EXTRACTED MATERIAL ▸
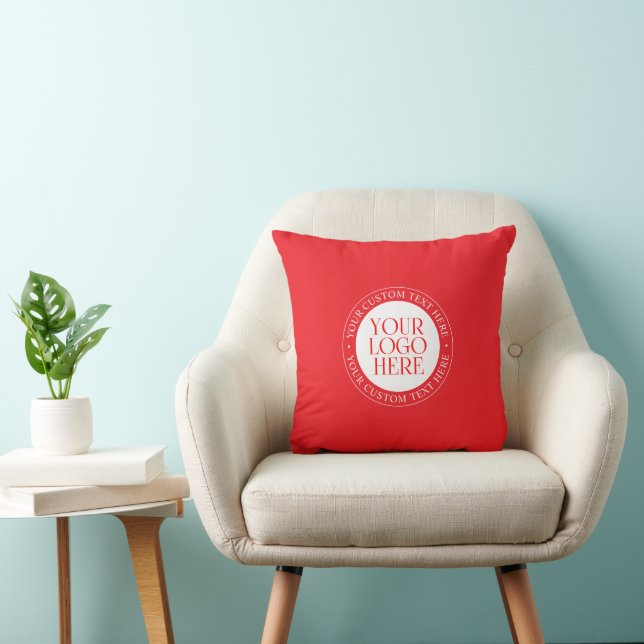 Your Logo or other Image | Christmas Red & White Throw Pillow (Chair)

---

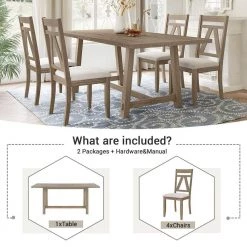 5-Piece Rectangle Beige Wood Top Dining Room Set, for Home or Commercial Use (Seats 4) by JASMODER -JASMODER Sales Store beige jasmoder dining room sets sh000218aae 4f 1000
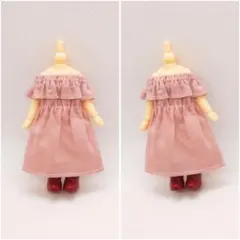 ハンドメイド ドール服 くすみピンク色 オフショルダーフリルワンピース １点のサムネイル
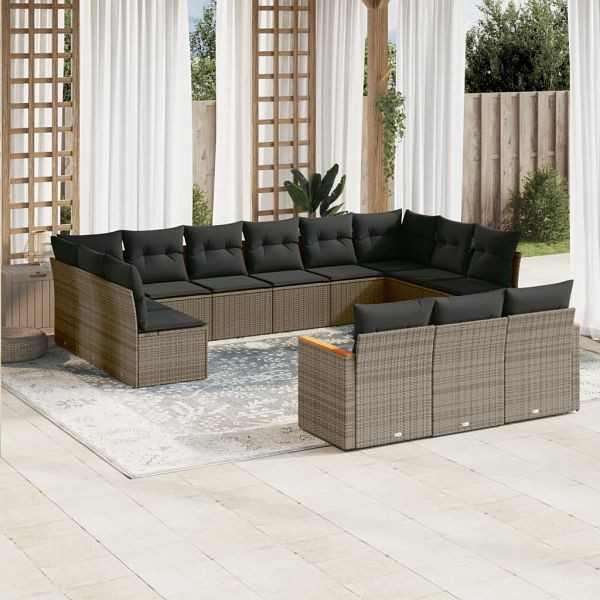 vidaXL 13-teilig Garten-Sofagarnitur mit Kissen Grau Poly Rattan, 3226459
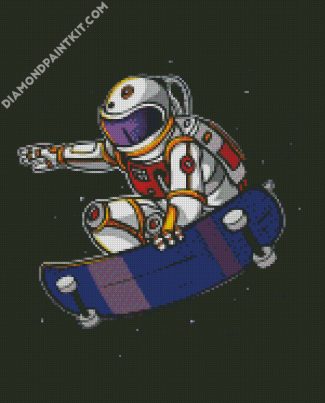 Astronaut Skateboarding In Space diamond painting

YOUR INSTRUCTIONS ▸
Quote word for word only the lines above from the one containing "vidaXL 13-teilig Garten-Sofagarnitur" through the one containing "Astronaut Skateboarding In". Pictures stay out of your copy.

SOLVED EXERCISE ▸
 vidaXL 13-teilig Garten-Sofagarnitur mit Kissen Grau Poly Rattan, 3226459
 Astronaut Skateboarding In Space diamond painting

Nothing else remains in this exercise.